There are a few reasons why: prey populations - including fur seals - have increased since the 1950s, after being decimated by hunting.

"The Great White activity around Stewart Island has only been happening since the seals have started coming back,'' Ballance says. "Also, great white sharks have been protected in New Zealand since 2007. I think that has helped.''

Ballance has a thirst for knowledge that has taken her from the bush of New Zealand to the back and beyond of various corners of the globe.

She has studied tigers, wild horses, spectacled bears, marine iguanas, weta and kakapo (among other species), roaming from the crags of the Southern Alps to the steppes of Mongolia and Russia and the steamy jungles of Ecuador.

In 1990 Ballance moved to Dunedin, where she lived for 18 years, during which time she worked as a researcher then producer at NHNZ, completing a range of documentaries, including To Save the Kakapo, which won a merit award at the Missoula International Wildlife Film Festival, and Power to the Ocean, which won a gold medal at the New York Film Festival.

She has also written more than 25 natural history books, often in collaboration with photographer Rod Morris.

Ballance left the Dunedin-based documentary production company in 2008, heading to Wellington to take up a role as producer for the Radio NZ show Our Changing World.

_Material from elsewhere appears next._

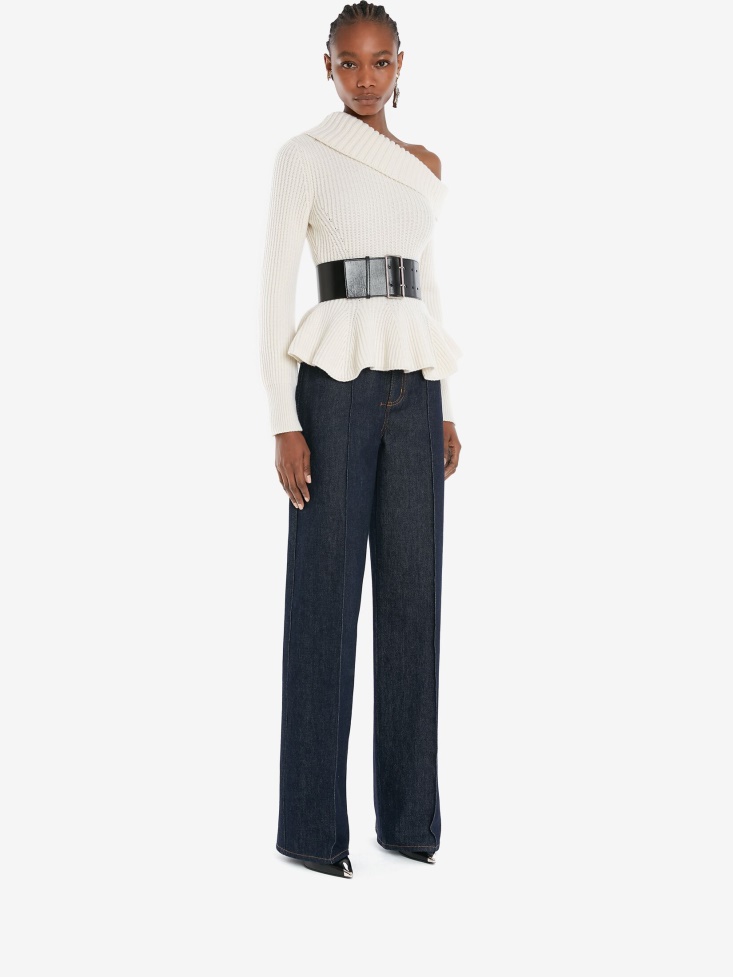Ivory Women's One-Shoulder Peplum Jumper Fashion Alexander McQueen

"I was always interested in nature but I wouldn't say I was particularly obsessed, until I started zoology at the University of Auckland and ended up completing my master's at Massey. The more I studied zoology, the more fascinating it became. I decided that's what I wanted to do.

"People love documentaries and learning about the natural world. Sadly, a lot of people, particularly those in big cities, they don't get the chance to get out and experience nature.

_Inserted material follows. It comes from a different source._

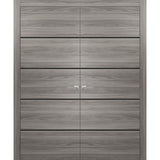 Solid French Double Doors | Planum 0015 Ginger Ash | Wood Solid Panel Frame Trims | Closet Bedroom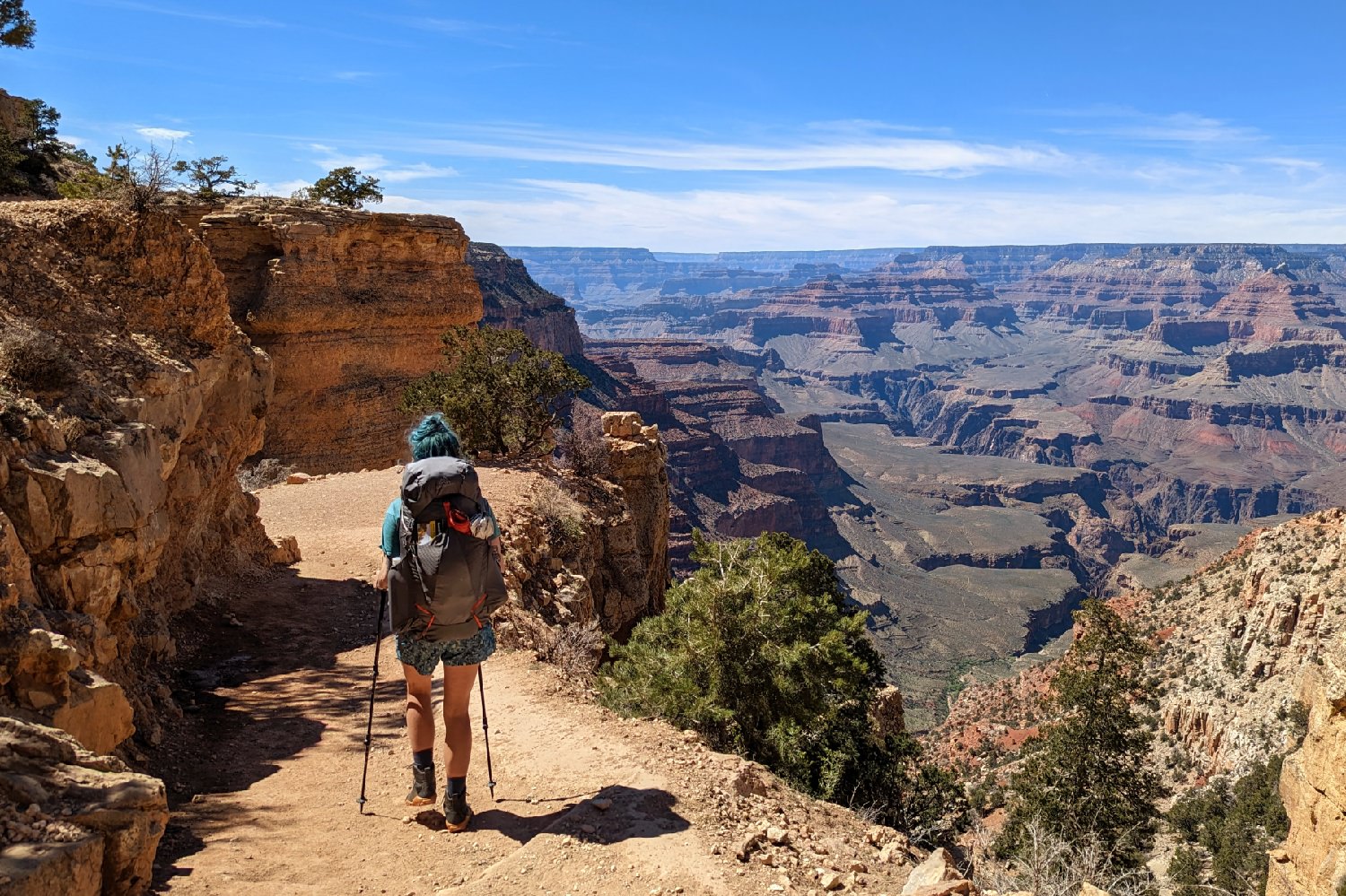 A women hikes down the Grand Canyon on a beautiful blue bird day.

"But people in Dunedin are blessed. You can go out and see albatrosses, sea lions and penguins. That's incredible. I lived on the Otago Peninsula, in Portobello, and never tired of that.''

She still lives close to the sea.

"We look out over Wellington Harbour and can see seabirds. Now and again we have seen big pods of dolphins. I'm still waiting to see orca.''

THE BOOK: New Zealand’s Great White Sharks: how science is revealing their secrets, by Alison...
THE BOOK: New Zealand’s Great White Sharks: how science is revealing their secrets, by Alison Ballance, will be published by Potton & Burton on Monday.

Among all her travels, Ballance rates New Zealand's subantarctic islands among her favourite wild places.

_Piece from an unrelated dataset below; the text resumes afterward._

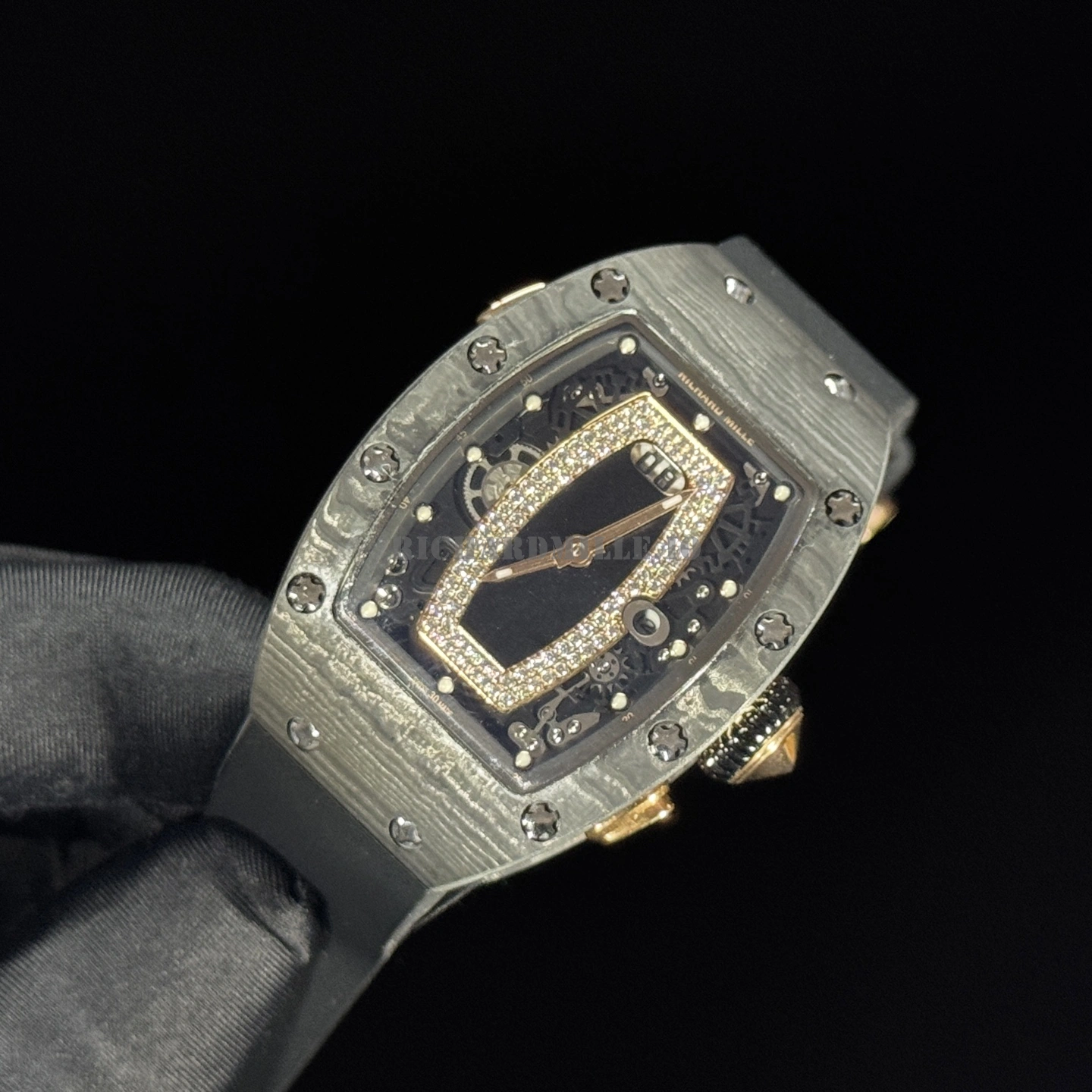Richard Mille RM 037 Margot Robbie Super Clone Diamond Carbon Fiber Black Rubber Women's Watch - Dial Detail 5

"A while back I got an incredible opportunity to go to Campbell Island to study feral sheep for a few months. Here's this remote island that's home to albatrosses and penguins. That fed my love of New Zealand islands.

"In my lifetime I have seen a number of these islands become predator-free. It is like stepping back in time. The birdsong is incredible.

"It makes you realise what we have lost on the mainland and what we are trying to get back though initiatives such as Predator Free 2050,'' she says of the Department of Conservation-led initiative to rid New Zealand of three of its most damaging introduced predators; possums, rats and stoats.

"I trap rats in my backyard and try to volunteer on conservation projects when I can. I think it all helps.

"As a whole, New Zealand is lucky. We aren't looking after it as well as we should, but we are lucky.''

Factfile - Alison Ballance

Alison Ballance is a zoologist, diver, wildlife film-maker and radio presenter.

She is an award-winning writer, whose 29 natural history books include Kakapo: Rescued from the brink of extinction, which won the 2011 Royal Society of New Zealand Science Book Prize.

She has also been shortlisted for the New Zealand Post Children’s Book Awards for Hoki: The story of a kakapo, and the New Zealand Book Awards for Southern Alps: History and natural history of New Zealand’s mountain world.